脚本:若槻文三 監督:鈴木俊継
ゲスト:浜村純
ストーリー・・・
SRIの三沢は、学生結婚をした友人、鬼島夫妻の家に招かれていた。2年ぶりの再会に、和やかな雰囲気が流れるが、ふと三沢が家の周りで鬼島の父親を見かけたと話すと、二人の顔色が急に曇る。
鬼島によれば、不仲の父親とは依然、別居していると言う。
三沢はそのまま鬼島家に泊まることになるが、深夜、何者かが就寝中の三沢にナイフを持って襲いかかり、三沢は手の甲を切られてしまう。
その頃、鬼島家の近くを帰宅途中のサラリーマンが、道端にフランス人形が立っているのを見かける。
何気なく通り過ぎ、ふと振り向くと人形はナイフで斬りかかってきた。
そして、サラリーマンは、刺殺されてしまう。
その死体を後に人形はどこかへ歩き去っていった。
事件の捜査を始めた町田警部は、同時刻に三沢が同じようにナイフで負傷していると言う聞き込みを受け、三沢を参考人として呼び出す。
三沢はすぐ解放されるが、その帰り道、またあの人形が三沢の後をつけてきて襲ってくる。
三沢は額に傷を受けただけで、なんとか逃げる。 
その頃、鬼島は気になって、田園調布の父親の家を訪ねる。
鬼島「ちょっと心配になって」
父親「お前が、私のことを? お前に心配されなくたって・・・」
鬼島「分かってますよ。

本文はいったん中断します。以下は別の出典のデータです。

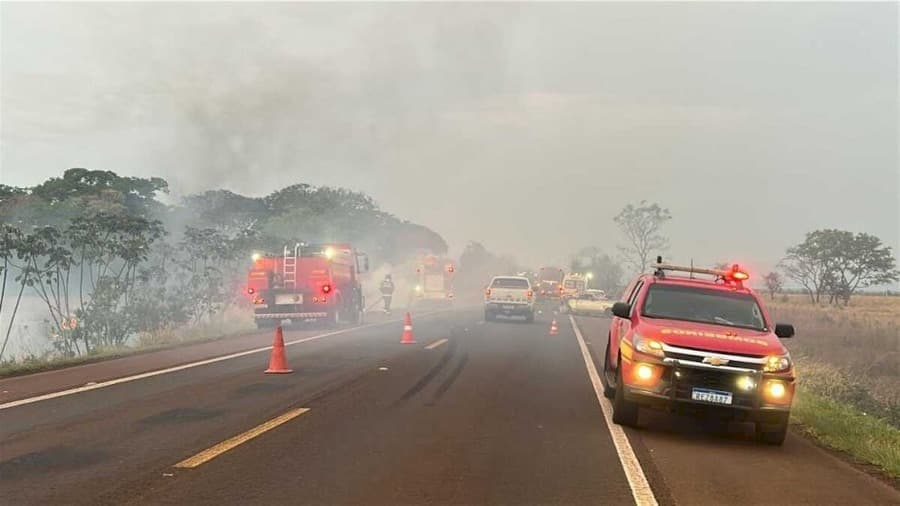 Meriva pega fogo após colisão e mobiliza Corpo de Bombeiros na BR-060 entre Sidrolândia e Campo Grande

お父さんは特許を幾つも持っている。特許料だって相当な額だ。僕の心配してるのはねえ・・・お父さん、今夜、僕のうちに来ましたね」
父親「お前のうちに? 誰が行くもんか」
鬼島「・・・三沢が刺されたんだ」
父親「三沢が? お前の同級だった・・・」
鬼島「誰かに僕と間違われてね」
父親「私がやったとでも言うのか」
鬼島「お父さん、お父さんはどうして僕がそんなに憎いんだ?」
父親「お前は私は裏切った!」
鬼島「裏切った? 成長した子供が親から離れていくのを、あんたは裏切りだと言うのか!」
会話の途中、家の奥から物音がして、父親は慌てて玄関のドアを閉めて引っ込んでしまう。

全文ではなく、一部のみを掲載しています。